Namun tebakan saya agak
meleset kali itu! Karena yang datang kemudian memang para ibu-ibu yang
kesemuanya datang dengan sebuah tas jinjing berlabel nama masing-masing dan
berisi sejumlah beras.
Ketika sampai di rumah yang
mengadakan acara PKK, beras itupun kemudian ditukar dengan sebungkus kerupuk.
Lho kok?!
Hehehe… tapi demikianlah
yang memang terjadi pada acara tingkepan atau selamatan untuk ibu hamil yang
diadakan ibu mertua dari adik saya untuk adik ipar saya. Satu dari sekian acara
yang merupakan bagian dari syukuran tersebut adalah undangan ibu-ibu PKK yang
diadakan pada siang hari.
Tapi memang acara PKK ini
sangat berbeda dengan yang selama ini ada. Tidak ada ibu-ibu yang datang dengan
seragam hijau-hijau khas PKK. Mereka pun punya bawaan wajib yaitu beras satu
tas serta sebuah buku kecil untuk tempat catatan setoran beras.
Ukuran beras yang dibawapun
ada syaratnya.
Sesampainya di tempat yang
mengadakan acara PKK, beras yang dibawa para ibu-ibu tersebut akan dituang
dalam sebuah alat takar bermuatan 4 Kg. Di bawah alat takar tersebut akan
dihampar selembar karung untuk menadah sisa tumpahan beras.
Beras dari dalam tas akan
dituang dalam wadah hingga melebihi jumlah takaran, diratakan dengan sebuah
kayu hingga ukurannya pas sesuai dengan wadah takaran tersebut.

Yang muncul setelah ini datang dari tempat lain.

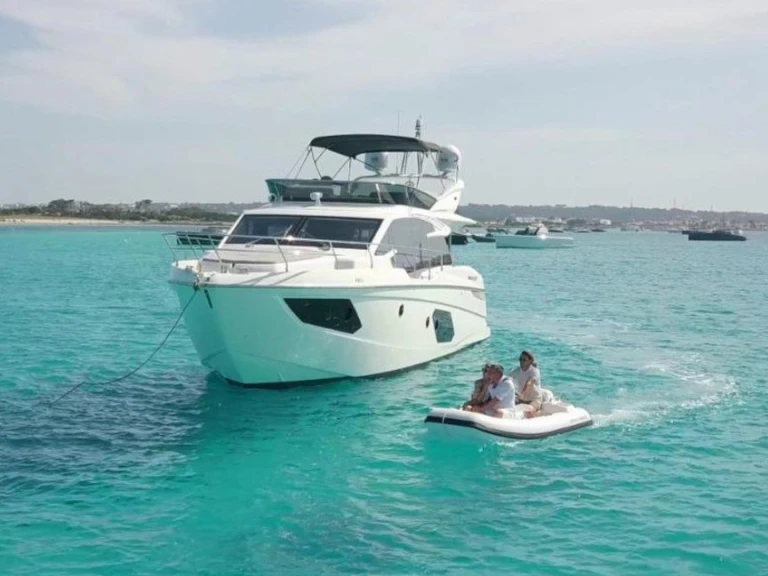 Bareboat Rental Motorboat Absolute Yachts with a boat licence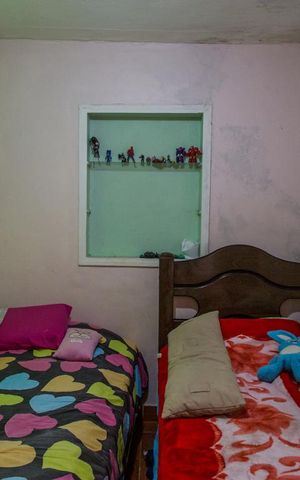 Casa à venda com 327m², 5 quartos e 1 vagaQuarto 2 - Casa dos Fundos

Lalu, beras
yang berada dalam alat takar akan dikumpulan dalam sebuah karung.
Sementara, beras yang tidak
masuk takaran akan dikembalikan ke dalam tas si pembawa.
Uniknya, satu takaran beras
itu akan diganti dengan sebungkus kerupuk aneka rupa dari si tuan rumah alias
si pemilik hajatan.
Tidak asal menyetor beras. Para
ibu-ibu yang membawa beras tersebut pun akan memberikan buku kecil catatannya
kepada pihak pencatat. Isi buku itu sendiri berupa halaman-halaman yang
tercatat nama-nama para peserta PKK yang tentu saja adalah para ibu-ibu. Satu
orang, satu halaman.
Misalnya, jika PKK kemarin
berlangsung di rumah Ibu Dasim, maka si pencatat akan mencari halaman bernama
tersebut di buku si pembawa beras dan mencatat jumlah setoran beras yang
diberikan berikut kapan penyetorannya.
Si tuan rumah sendiri punya
sebuah buku catatan berukuran besar. Isinya, adalah dua buah halaman yang
bertulis nama-nama dari tetangga-tetangganya yang menyetorkan beras. Jadi jika
ada yang sudah atau belum untuk datang dan menyetor beras, si pencatat pun tahu
siapa orangnya.
Sementara nasib buku kecil
yang dibawa pembawa beras sedang dalam urusan pencatatan, pemiliknya akan
dipersilakan untuk duduk dan menikmati hidangan yang ada. Jika telah selesai,
maka mereka pun dapat pulang.
Hm… sebuah PKK yang unik
bukan?!
Gotong Royong a la Desa
Begitulah enaknya hidup di
desa. Ketika kita memiliki hajatan, cukuplah kita memikirkan segala keperluan
selain urusan beras dan para pasukan pembantu masak hingga kebersihan.
Dari acara yang
dilangsungkan ibu dari adik ipar saya kemarin saja saya melihat, ada dua
setengah karung setinggi 1 meter yang penuh berisi beras kiriman dari para tetangganya.
Wah wah wah… sepertinya
beras tersebut tidak habis hanya untuk acara selametan saja ya?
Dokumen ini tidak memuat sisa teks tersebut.